Zamia Investments Pty Ltd (Zamia) and Mesana Pty Ltd (Mesana) were shareholders of Mini Tankers International Pty Ltd (MTI), a holding company with shares in Mini Tankers USA Inc (MT USA) and Mini Tankers Canada Ltd (MTC).
In late 2002, MTI resolved to reduce its debts by selling its interest in MTC for approximately $1.6m. Prior to settlement of the sale however, MTI required urgent funding to assist MT USA, which was experiencing liquidity problems. Zamia decided to obtain an advance of $250,000 from the National Australia Bank (NAB) to contribute to a shareholder funded loan to MTI. Zamia represented to NAB that MTI's proceeds of sale would be used to repay the loan, even though MTI's Board had not agreed to this.
When the sale was completed, the proceeds were insufficient to repay Zamia's loan. NAB had assigned the debt to Mesana, so Mesana brought proceedings to recover the debt from Zamia.
In finding for Mesana, the Court firstly noted that a concluded loan contract existed when NAB advanced the money to Zamia, even though this occurred before any formal documentation was signed. A standard Market Rate Facility Agreement (the Agreement) was later signed by both parties, which did not provide that MTI's proceeds of sale would be used to repay Zamia's loan.
Zamia however argued that such a term existed, because the terms of the loan were not contained in the Agreement but rather in the oral and written terms that had been agreed upon between Zamia and NAB. The Court rejected this argument and held that the oral and written terms constituted the terms of the loan at the time the money was advanced only, prior to the Agreement being entered into.

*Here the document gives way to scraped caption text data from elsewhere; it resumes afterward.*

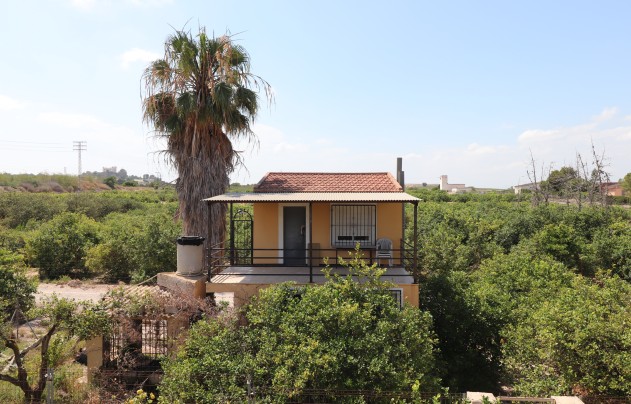 Resale - Villa - Algorfa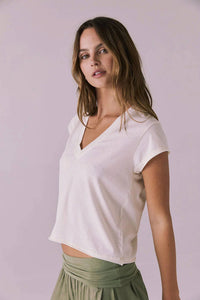 Chaser - Gator Starry V Neck Tee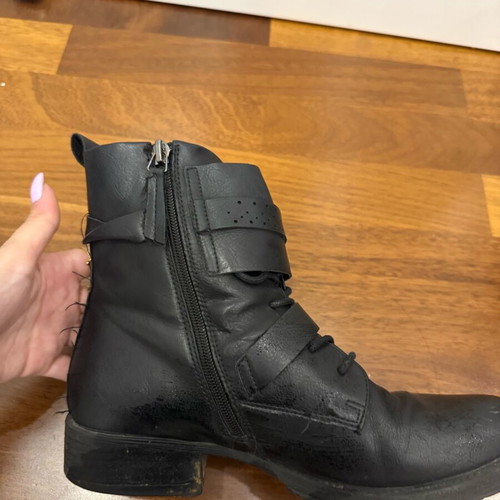 Bata boots used, black size 39 with laces and zipper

The Court also noted that Zamia's failure to discuss the essential terms of the loan, such as the interest structure, would lead an objective observer to conclude that the parties intended the advance to be on the bank's standard terms.
Finally, Zamia argued that the terms of the Agreement could not be operative because they were inconsistent with an alleged oral term that NAB would obtain an irrevocable letter of direction from MTI. However the Court rejected that such a term existed, as it would be "commercially extraordinary" that NAB would undertake an obligation to Zamia to procure such a letter from MTI. The Court reasoned that it would ordinarily be the responsibility of Zamia, as the bank's customer, to procure any letter which the bank requested as security.
Parties entering into a standard form contract should take care to expressly include any oral or written terms previously agreed upon. Failure to do so may result in the Court finding that such arrangements are superseded by the standard form contract later entered into.